The number one thing to try to avoid is changes in the barometric pressure as research is showing that this is a lot of the time what is causing the pain. This might not always be possible but keep in mind that changes in the weather but most likely changes in humidity can increase both your pain and inflammation.
Sometimes keeping your joint in a bandage might help to give it some stability which will decrease the pain. However you do not want to keep your joint wrapped up all the time as this might actually make the pain worse.
Try working out as building muscle around the affected joints will help with the stability and in the long run cause less pain as you will have the muscles holding you “together” and not just the joints. Try to use the elastic bands when you workout as they are kinder to the joints, especially in the beginning.

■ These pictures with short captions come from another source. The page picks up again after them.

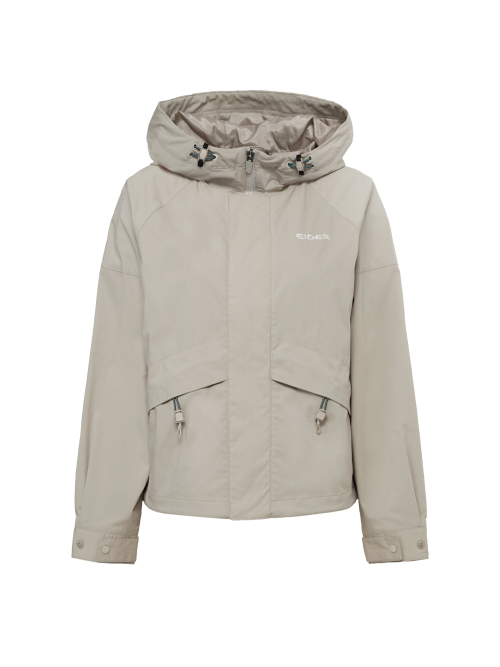 Женская ветровка RIDGE CORE_Light Beige
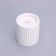 Candle in concrete Aromatic "God Ares", 13x7 cm, bergamot, soy wax, 160 g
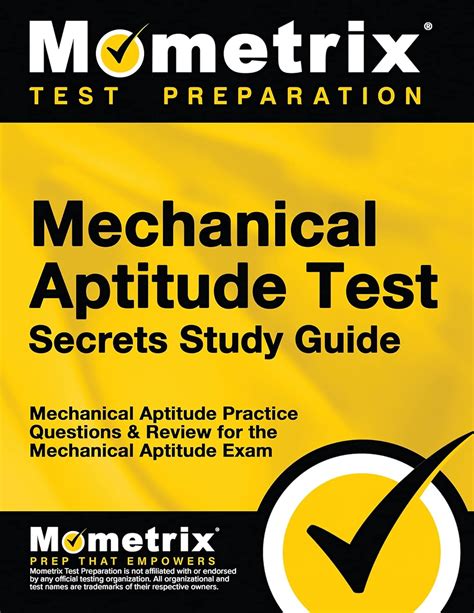 Full Download Mechanical Aptitude Study Guide Online 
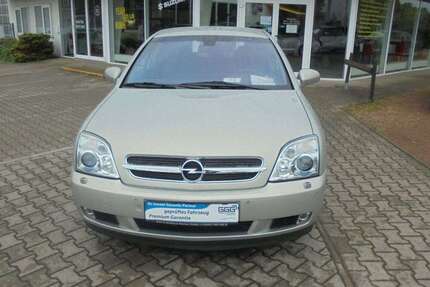 Opel Vectra 99.000 km 4.990 &euro; Dessau-Roßlau 06862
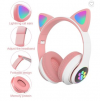Ακουστικά Bluetooth για παιδιά Cat VZV-23M Pink Ακουστικά Bluetooth για παιδιά Cat VZV-23M Pink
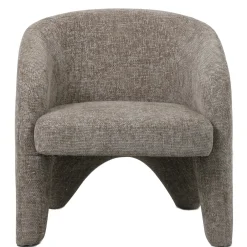 Fauteuil Jackie Taupe - Giga Meubel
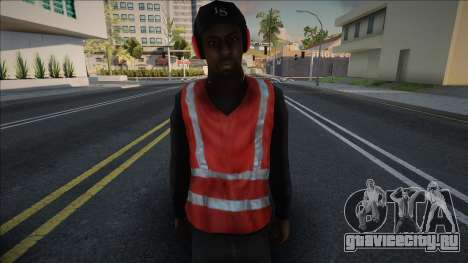 Bmyap with facial animation для GTA San Andreas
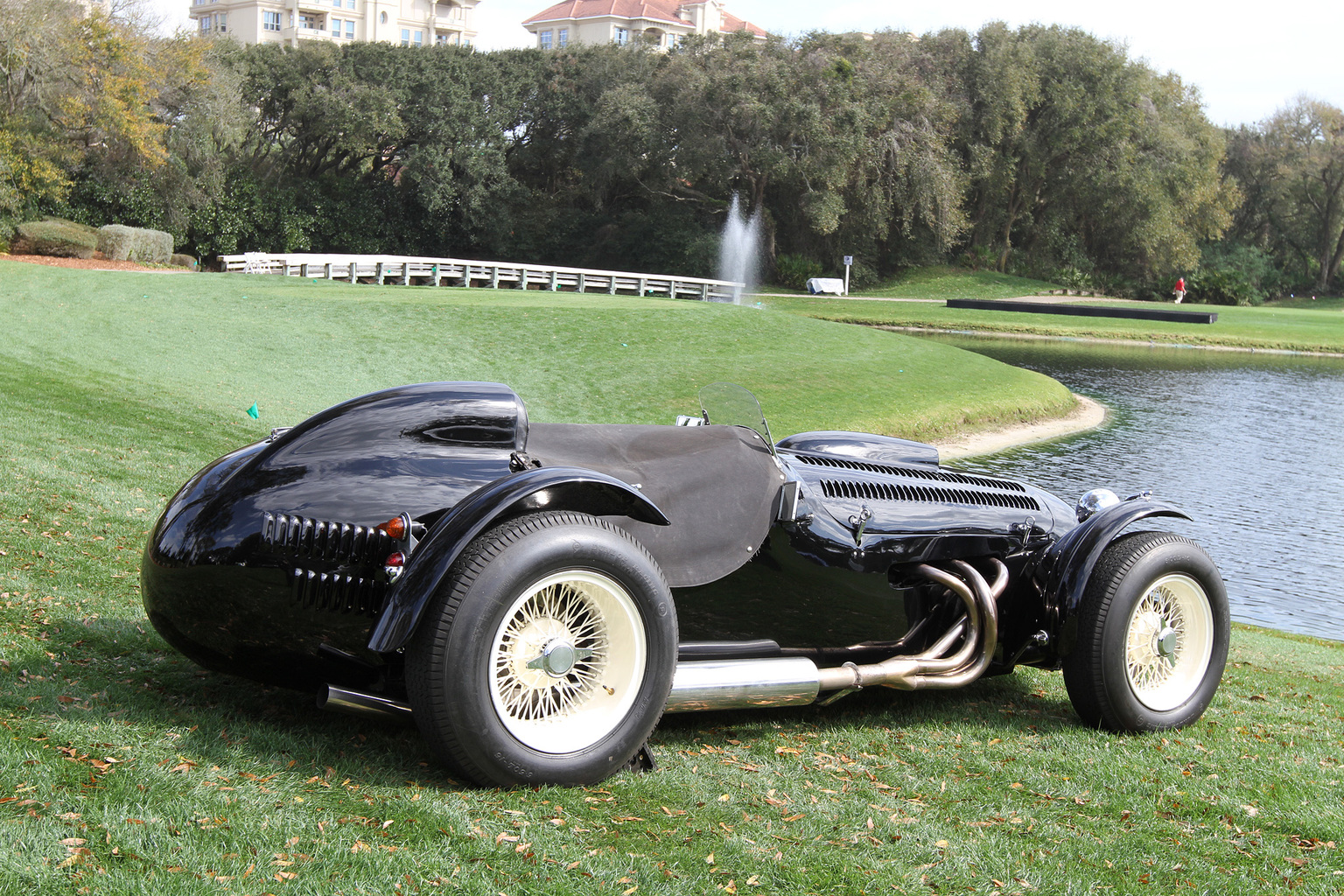 2015 Amelia Island Concours d'Elegance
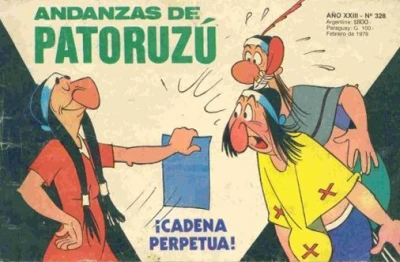 Cover of Issue #328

Eat less meat, dairy, processed foods and sugar. This is also something that will help you in the long run. You can even try to cut out the nightshades like potatoes, bell peppers, chilis etc. as this can contribute to the inflammation.
Increase your intake of anti-inflammatory foods such as ginger, turmeric, hemp oil and algae.
You can also try a pain relief gel as this might ease your pain a bit.
Make sure to keep both heat packs and cooling packs at home. Sometimes a cooling pack will ease your pain and sometimes you need a heat pack. A heat rub can also come in handy as well as a hot bath as this will soften up your tense muscle due to pain.
Sometimes even going to a tanning salon can do the trick. During the colder months I try to go ever week or every two weeks as this will heat you up all the way to your core and it does ease the pain a bit. All you need is 10-15 minutes.
Try floating. The reason is that floating can take the pressure of your joints and it will relax your body and allow for your muscles to get a little bit of rest from tensing.
Acupuncture can also be very beneficial. Make sure that you tell them exactly why you are there and allow them to do magic. This is also something that you can work into your regular routine.
Magnesium rub can also work wonders for R.A. pain. I have personally not noticed a great deal of change by using it but I have talked to other people who swears by it. I do however feel a difference when I am taking it as a supplement.
Increase your supplement intake: Omega 3, B-12, Spirulina, Chlorella, Glucosamine, Ginger, Turmeric.